GIC: Geometry in Construction at Loveland High School
LHS: Traditionally taught Geometry classroom at Loveland High School
MVHS: Mountain View High School Geometry, our district’s school of the arts and Project Lead the Way high school
TVHS: Thompson Valley High School Geometry, our district’s AP high school
BHS: Berthoud High School Geometry, our district’s math and science high school and Project Lead the Way high school
Important Note: This is an average over 3 years, which provides a general idea of performance trends.
Method of Evaluation: Linear Regression modeling.
How Linear Regression Modeling Works: Using current data, the linear regression model will predict state standardized test (CSAP/TCAP) Geometry scores based on several variables, such as previous test scores, demographic student information, as well as enrollment in particular Geometry courses (e.g., Geometry in Construction and traditional Geometry classes).
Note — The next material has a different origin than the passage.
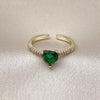 Anillo Multi Piedra 01.196.0031 Oro Laminado, Diseño de Corazon, con Zirconia Cubica Verde y Micro PaveBlanca, Pulido, Dorado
Results: These variables explain 66.3% of the variance of state standardized test (CSAP/TCAP) Geometry scores. Geometry in Construction at Loveland High School was a significant variable in the model, with a coefficient of 14, which means that on average, being enrolled in Geometry in Construction at Loveland High School added 14 points to a student’s state standardized test (CSAP/TCAP) Geometry score.
Why do we believe Geometry in Construction students outscore their peers?
On a recent trip we discovered an intriguing explanation to answer this very question. Simply stated, students in Geometry in Construction have fewer opportunities to “GPS” their way through the program.
On our last consulting trip we used a GPS unit we affectionately refer to as Maggie (Magelan). These smart devices are great for getting people from point A to point B. However, we found ourselves lost when Maggie malfunctioned mid-drive. We had simply followed the step-by-step directions Maggie provided without paying attention to where we were headed. We had done what thousands of people do daily and put all of our trust in the technology; this is very similar to how students use memorized formulas in many traditionally taught math classes. We could not back track or trouble shoot our route without some serious remediation; this is the very same thing that often happens when students attempt to solve unfamiliar math problems. In this case, our solution was to find a gas station and do exactly what the majority of men hate to do while in unfamiliar territory: ask for directions.
As math teachers, we are often times guilty of “GPS-ing” our students. We are really good at giving 5 steps to completing the square or 3 steps to solving the equation. Many of us have had successful careers by doing this. Have our students been as successful? Do our students have a solid understanding of the mathematics? Do they understand why they are doing “the steps”? Can they apply it to real world situations?